2009年11月08日 08時47分18秒 | 後継者育成

別府市にある伝統産業会館で、毎年、竹の訓練生に向けて、現役の職人が技術指導をする授業がある。やはり、学校で習うことと、産業現場ですることには大きな違いがある。

もう来春には学校を卒業して現場に出ていくには、学生の気分から、現場の空気を少しでも知っておく事は、彼らにとっても良い機会である。

ヒゴの置き場所一つから、指導することになるのだが、一つ一つの動作から無駄な動きを省いていかないと、効率の良い、生産性のある作品作りなど出来る物ではない。

昨年は、最初の二日間が、土・日と続いていた為、二日間掛けてヒゴ取りを指導できた。
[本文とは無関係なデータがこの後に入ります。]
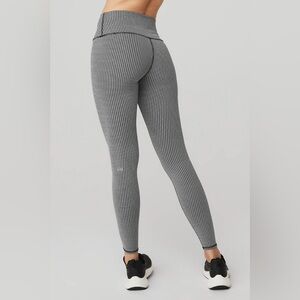 NWOT Alo Yoga High-Waist Leggings Micro Houndstooth Size Large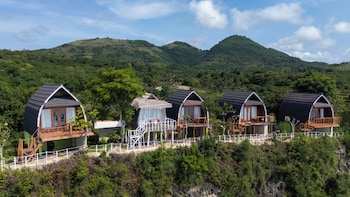 Eco-Tourist Dream Beach Cliff Villas,,3 star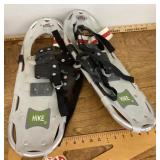 2 RedFeather 22" aluminum snowshoes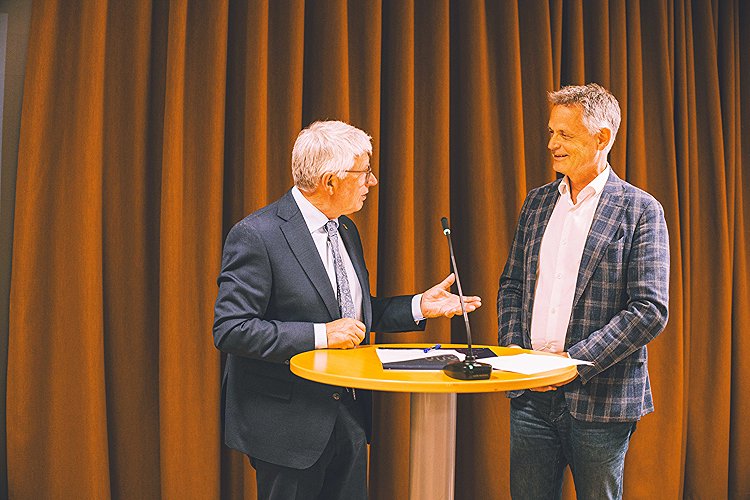 FIA signering Agder fylkeskommune_Arne Thomassen og Trond M Backer_Helena Frustøl Andås (1 av 1).jpg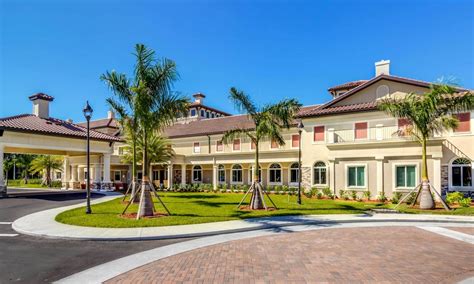 Senior Living in Naples, FL | Discovery Village At Naples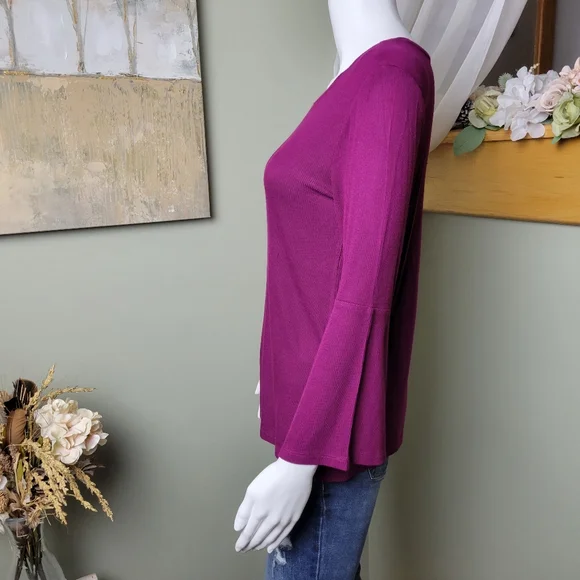 Old Navy Ribbed Knit Top - Picture 2 of 9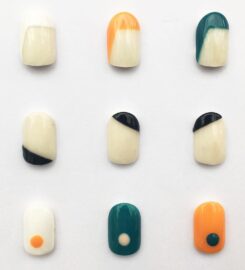Naked Beauty Bar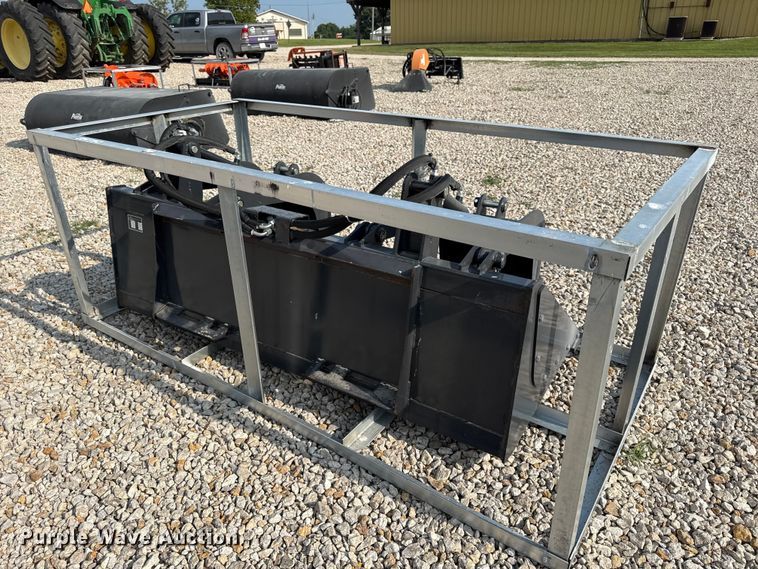 image for item EX2116 2025 LandHonor SGB-11-72W skid steer grapple bucket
しかし、今年は、学校行事の関係で、(8日、学校の技能際のため)、土曜日一日で、ヒゴ取り (竹磨き・割り込み・竹割り・竹剥ぎ・巾取り・面取り・銑引き)を一通り、駆け足で教えなくては為らなかった。

ふつう職人仕事としては、一日で300本~400本くらいは網代のヒゴを取るのであるが、果たして、今年の生徒はどれくらい取れるのだろう?

Cimg0925 竹磨きから材料取りが始まる。朝一番なので、全員が元気もあり「頑張ろう!」と云う意気込みが伝わってくる。

この竹磨きが、なかなか曲者で、磨きが悪いと最終的な作品の艶に答えが出てくるのだ。それと、網代のヒゴは厚さ0.38ミリと薄いので、この磨きで表面に傷を付けてしまうと、ヒゴが折れてしまう。

屋外から、2階の作業場に上がり、竹の割り剥ぎの指導をする。生徒のヒゴを見てみると、ところどころ、赤く血が付いている。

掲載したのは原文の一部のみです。